After a victory in the first round and some reassurance from other players that my deck was solid, I was excited at the prospect of getting a 2-1 or better
out of what I thought was a trainwreck. Instead I played rather poorly in round two against Huang Hao-Shan, most notably attacking my Salt Road Patrol with
one counter into his Shambling Attendants. Silumgar was on the battlefield. As he correctly noticed, a three power creature will not kill a four toughness
creature in combat, and I sheepishly put my creature in the graveyard.
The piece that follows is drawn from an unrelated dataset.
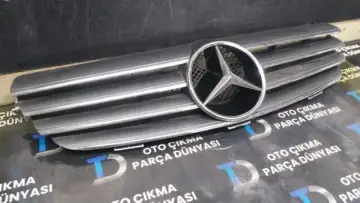 Mercedes Cls W204 Ön Panjur [04-08]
After losing the next round to an excellent curve from my opponent in game 3, I further embarrassed myself by tilting off rather aggressively (although
fortunately not in front of my opponent) and left the event hall briefly to calm down. The weight of my expectations for the event was wearing on me at the
worst possible time. I needed to go undefeated over the last five rounds to qualify for the next three Pro Tours, but more importantly, I needed to keep
that fact out of my mind and focus.

I was able to recover in time to play some good Magic aided by some timely draws but fell short of my goal with a 4-1 finish, good for a 10-6 record and
54th place. Afterwards, I reflected on my frenzied emotional state both before and during the tournament and realized the following:

It is comforting to imagine the pressure to succeed being external. That I need to win to achieve validation from my peers or to elevate my status as a
writer, but in reality, most of the pressures I have are internal. Magic is very important to me because I want it to be. I want to win for myself. When I
lie awake at night before a tournament (because I can rarely sleep well) I imagine the moment my finals opponent extends his hand in defeat. Maybe that is
not the best way to go about things, but for now, I cannot help it. The fire is there, and I just need to find a way to use it constructively.

But in order to be useful, fire needs to be properly managed. Emotion is a powerful motivator but often clouds your decisions. Emotion is powerful but
often unpredictable. Personally, I try to not fight it, but as I saw last weekend, that can lead to being consumed in a wildfire. In order to succeed, you
must remain in control. You must create order from the chaos.